IUBio

machine brains

Wolfgang Schwarz wschwarz at zedat.fu-berlin.de
Wed Jan 27 21:54:26 EST 1999


hi Ray, hi other souls,

I think Rays concept of "soul" is highly implausible.

Ray Scanlon wrote:

> Our answer to the soul (mind)/body problem is that a material 
> universe has no need of soul. [...] Our position for purposes of 
> brain explanation is that there is soul (mind) but it has no part 
> to play in a material account of brain action.
[...]
> The brain has all the neurons needed to perform any action we have
> ever observed. Since the brain may think and decide we may use 
> Occam's dictum to deny causal powers to soul. 

sorry, but that is not Occam's dictum. :-)
If there is something which plays no part in explaining phenomena
there has to be concluded that there is no such "something". Why do
you think that there is a soul? 
"Soul", as opposed to "mind", is traditionally used to refer to a
substance, an entity, an indivisible eternal thing which steers our
body. ("Mind" is often just thought to refer to a cluster of
capacities, such as thinking, feeling, perceiving, etc.)
I don't see a reason for you which could justify your belief in a soul
- whatever you mean with that term.

> I have never said (except in error) that the brain is aware, it 
> is the soul that is aware.

you'd better say that the brain is aware. Reductionism has a great
deal more plausibility than your strange substance-dualistic
epiphenomenalism (see below).

[...]
> As to understanding how there may be a soul as observer without 
> causal powers, I think McGinn has the best argument, our brain 
> lacks the capability to understand the relationship between brain 
> and soul.

Have you read McGinn? He does _not_ think, that there is an immaterial
thing called "soul" which stands in an unintelligible relationship to
the material world. McGinn thinks that the mind capacities, especially
consciousness, are natural properties of some clusters of matter, and
what we will never understand, according to him, is how matter can
have mental properties, which are nevertheless natural properties.

Anyway, your point seems to be a special ("soul") kind of
epiphenomenalism: The physical world is closed, the soul doesn't
belong to the physical world and can't influence it, even though the
physical world has influence on the soul. Is that all you want to say?

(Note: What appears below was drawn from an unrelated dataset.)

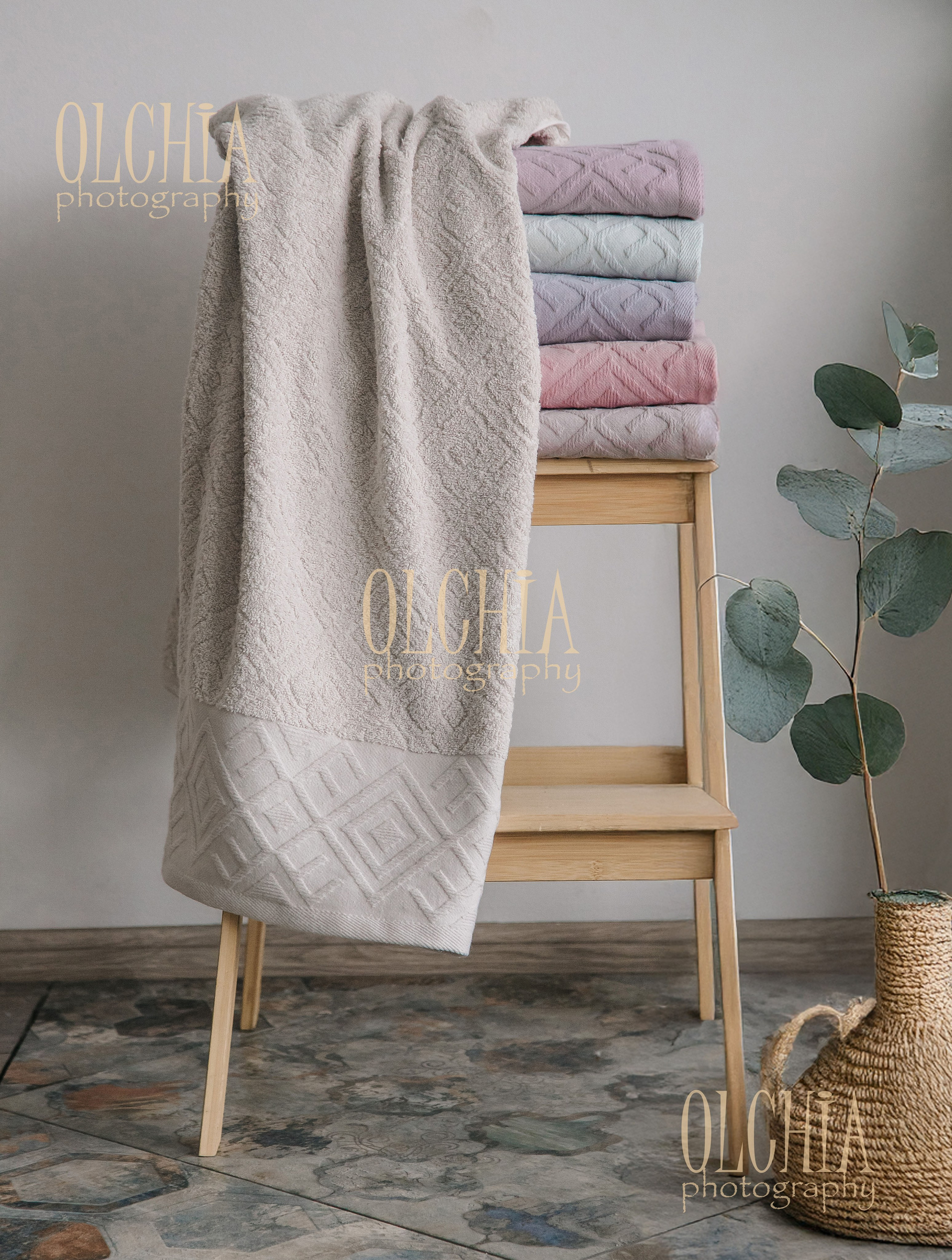Фотосъемка полотенец. Фотограф текстиля в Москве Ольга Иванова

Well, I don't want to warm up all the arguments against
epiphenomenalism. Look it up in  the "Companion to the Philosophy of
Mind". But what's interesting is that you seem to know something about
this "transcendental" relationship between matter and soul:

> [...] We wish to say, "When these neurons are active, we have 
> decided". We have not decided, our brain has decided but we 
> experience the active neurons and say  we did.
[...]
> A quibble: The brain does not "report" anything to the soul (mind), 
> the soul is aware of what the brain does without being told.
[...] 
> When a particular constellation of neurons is active, we are aware 
> of a patch of blue. When another constellation is active we are 
> aware of a feeling of loneliness. Why this should be we do not 
> know. McGinn argues that we cannot know, that we lack the needed 
> brain capabilities.
[...]
> It is not the soul that observes the world, it is the brain. The soul is
> only aware of the activity of the brain. 

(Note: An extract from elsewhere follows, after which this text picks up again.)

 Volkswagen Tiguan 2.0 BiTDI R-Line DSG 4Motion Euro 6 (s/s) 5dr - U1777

The soul "experiences" the neurons? I never experienced my active
neurons. I experience tables and garments, or, if you prefer, light
waves and pressure on my skin, but I surely don't experience firing
neurons, except when using an autocerebroscope. Are you using one?

No, consciousness is not a form of higher order perception of
activities in sensory brain areas. At least I see more reasons to
reject this view (see Guezeldere, Dretske and many others) than to
adopt it. But you don't give any reasons.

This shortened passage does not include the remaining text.